Responsive Design Bootcamp Website – Google UX Course Case study

Project background
This is a sharpen prompt project which is a part of the Google ‘s UX course. The assigment was to design a flow for a mentor selection in a responsive website for a design bootcamp. This website was designed for people who don’t want to learn on their own but they don’t want to go to university or take classes offline. What’s their background? What language do they speak? How could they use their mentors help on the page? These were all taken in consideration when I designed the final form of the website based on research and usability studies. In this way the design bootcamp website can give to their customers an experience which makes the time spent there better and the user experience of the whole learning process will become much more friendly and user focused.
My role
Beacuse this project was auto generated by Sharpen for the Google’s UX course, in the project my role was not only a designer, but in the same time I was a UX Researcher, a Visual Designer (best known as UI designer), Graphic Designer, Copywriter and Wireframe and Prototype designer.
The problem
So many people choose their path wrongly. Sometimes when they want a change their are no good circumstances. In the field of design people often can’t learn beacuse of their language barriers, lack of leadership or lack of a person who guides them. These people learn on the internet, but they often can’t understand a lot from Youtube or Skillshare videos, they need a platform where they can learn in their pace, language (at least translation) and help of a mentor, watching their videos, ideas and thoughts.
The goal
We design this website to help people who want a change in their carreer or want to learn graphic design in their own pace, own language and with a help of a dedicated professional just for them. We want the design bootcamps flow to be easy to understand and use, so people can level up in no time learning graphic design and how to use one of the Adobe’s best known softwares, Photoshop, Illustrator or Indesign.
Project duration
May 2021 to May 2021.
Meet Marius
The Research
I conducted an unmodaretad usability study with my family members, beacuse this was a fake project. They had to complete several tasks going through the low-fidelity prototype of the site. These studies helped me to have data to make the app better, which I understood by using an note taking spreadsheet, after that I defined themes and patterns which led me to actionable and usable insights. After the changes and the high-fidelity mockups and prototype I asked them the second time, what gave me a more deeper and better understanding of their needs as if they were the end users of the app.

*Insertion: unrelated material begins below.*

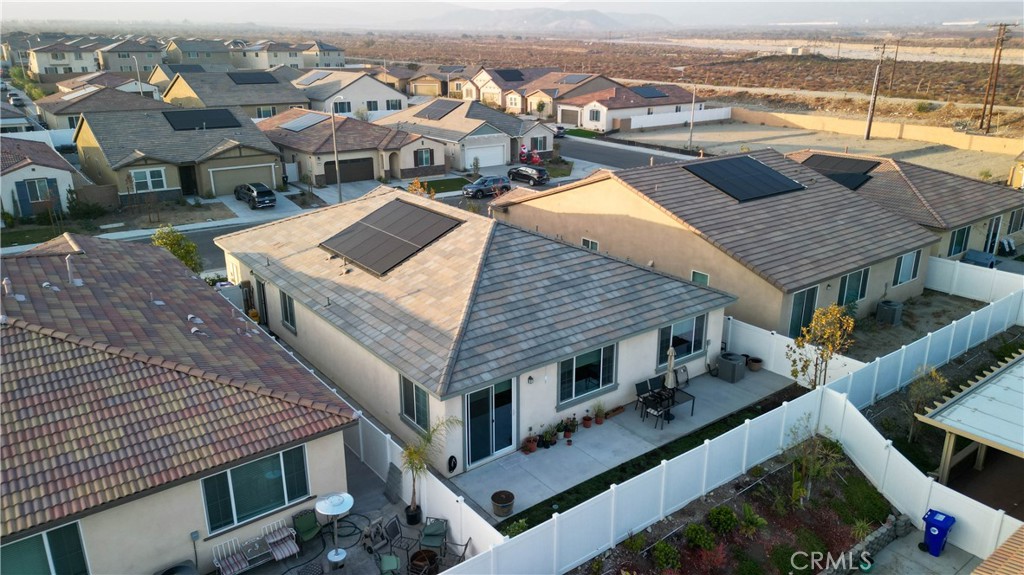 565 Hudson Way Rialto, CA 92377 - Photo 35 of 39 Gallery Image 35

The most important pain points
– After choosing a mentor was confusig what would be the next step
– It was hard for some users to reach the actual playlist of the design course
My problem statements
Marius (user) is a/an recent graduate student working as a cashier (user characteristics), who needs a well built online graphic design class including translation and word explanation (user need) because he wants to learn without feeling uncomfortable about his english language skills(insight).
Usability study
Study type: unmoderated usability study
Location: Remote (each participant will complete the study in their own home). In our case my family members.

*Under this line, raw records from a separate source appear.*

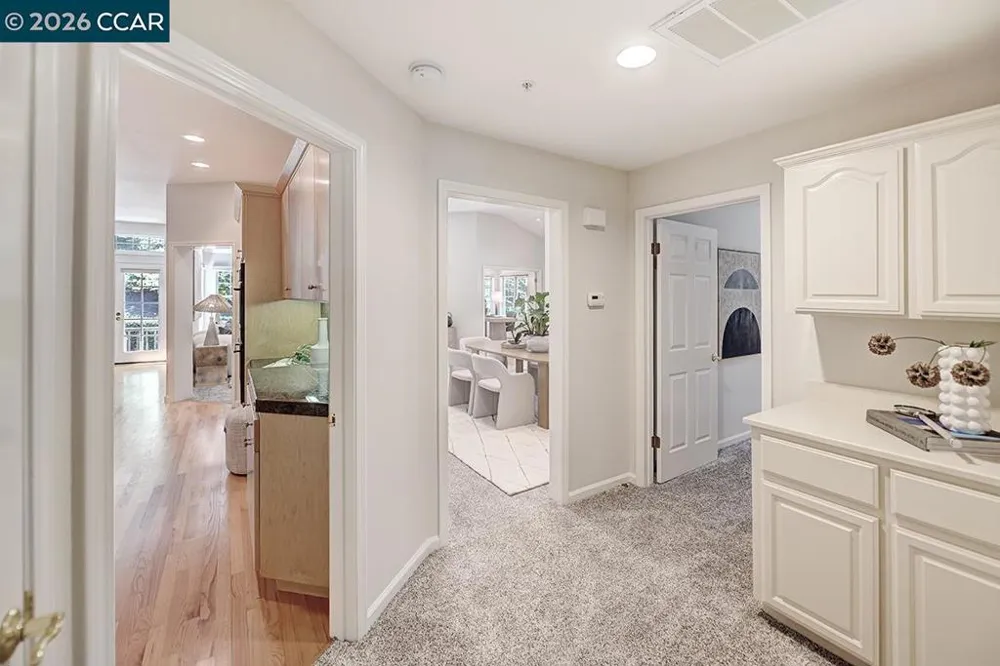 1923 Lakeshire Dr Walnut Creek, CA 94595
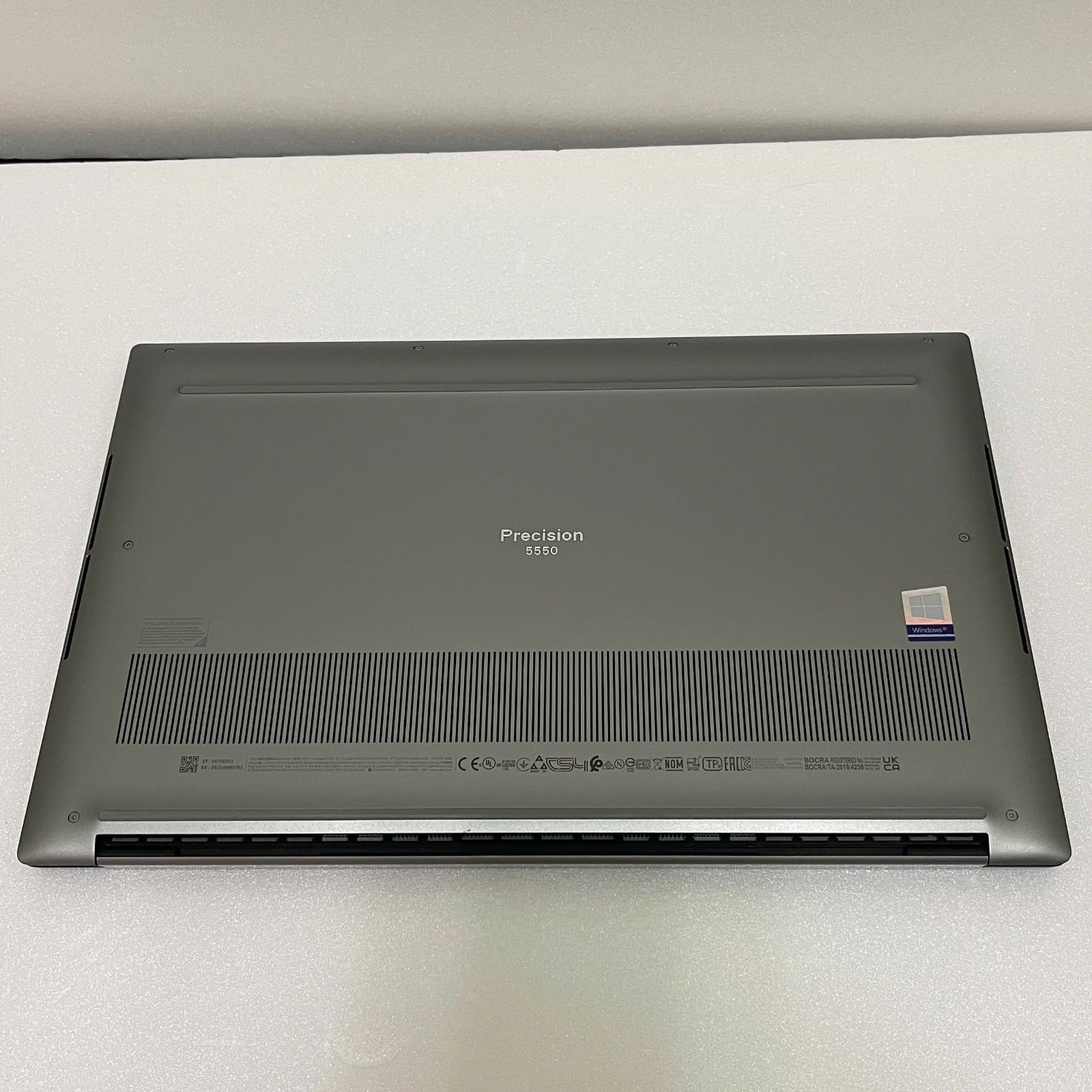 美品】Dell Precision 5550 | Core i9-10885H・32GBメモリ・1TB SSD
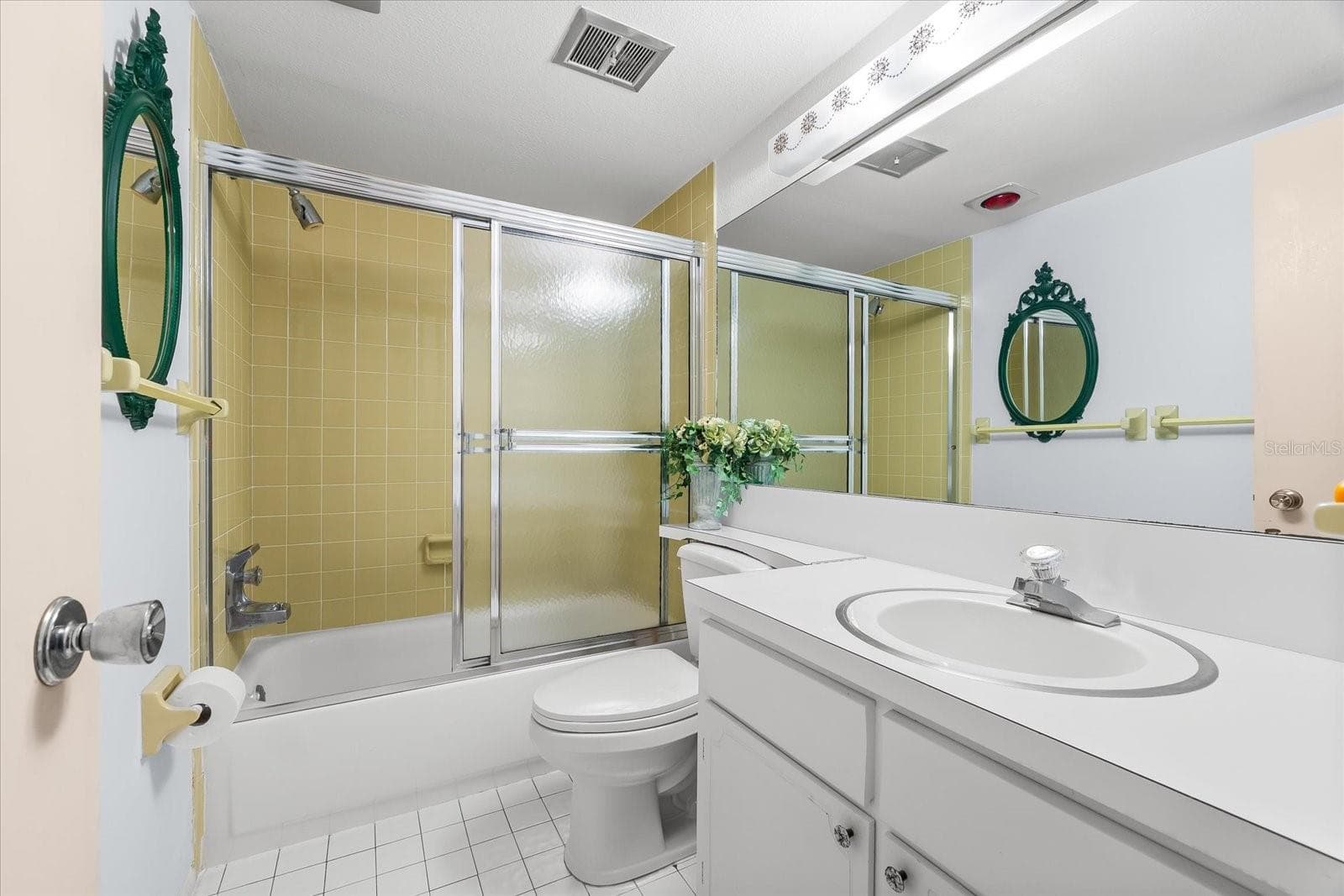 Condominium at 5600 BEACH WAY DR #201, SARASOTA, photo 25 of 95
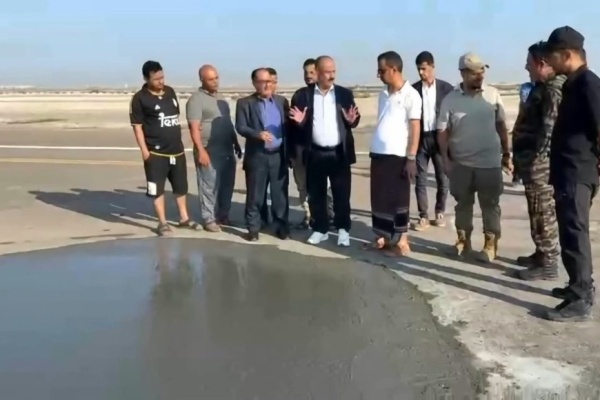 وزير النقل يعلن استئناف نشاط مطار عدن الدولي عقب توقفه جراء القصف الحوثي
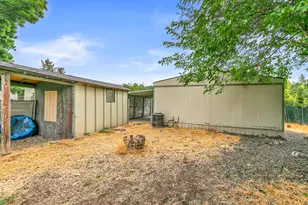 558 Meadow Ln, Eagle Point, OR 97524 - Photo 19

Participants: Participants young people with hopes and dreams, who just recently graduated or haven’t graduated at all and want a change in their life by learning design. Three males, two females, between 18-25.

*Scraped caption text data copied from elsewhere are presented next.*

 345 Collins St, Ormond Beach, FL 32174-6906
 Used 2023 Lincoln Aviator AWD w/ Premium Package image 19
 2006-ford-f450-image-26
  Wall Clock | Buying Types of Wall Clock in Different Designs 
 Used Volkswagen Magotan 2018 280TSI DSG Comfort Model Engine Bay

Duration: Each session will last 5 to 10 minutes, based on a list of prompts.
Results: Users had a difficult time choosing their mentor and starting to learn beacuse the end of the choosing process were no indication whch would be the next section of the process. This made them confused, some of them upset, and they just couldn’t complete the process. Another result was that reaching the acutal playlist of the learning material was hard for users, beacuse the mentor and course choosing process wasn’t enough straightforward, so reaching the playlist too, which was the last part of the process.
Low-fidelity design (wireframes)
High-fidelity design
Accessibility considerations
The website’s images and illustrations use alt text to allow a screen reader to read the content. Texts are large for the purposes of easier reading and black and white make a high contrast which comes down to a good readibility.
Conclusion
While designing the website, I had to realize that an application is in some ways much easier to design. Not only should a website be accessible on every screen, but each page can have multiple subpages, which can be a big hassle without having the sitemap set up properly. When designing the website, I also had to pay attention to what is properly accessible on the big screen, it may not be on smaller screens anymore, so I had to decide which items to keep and how to resize. Aesthetics were much harder to maintain for a responsive website than for an application.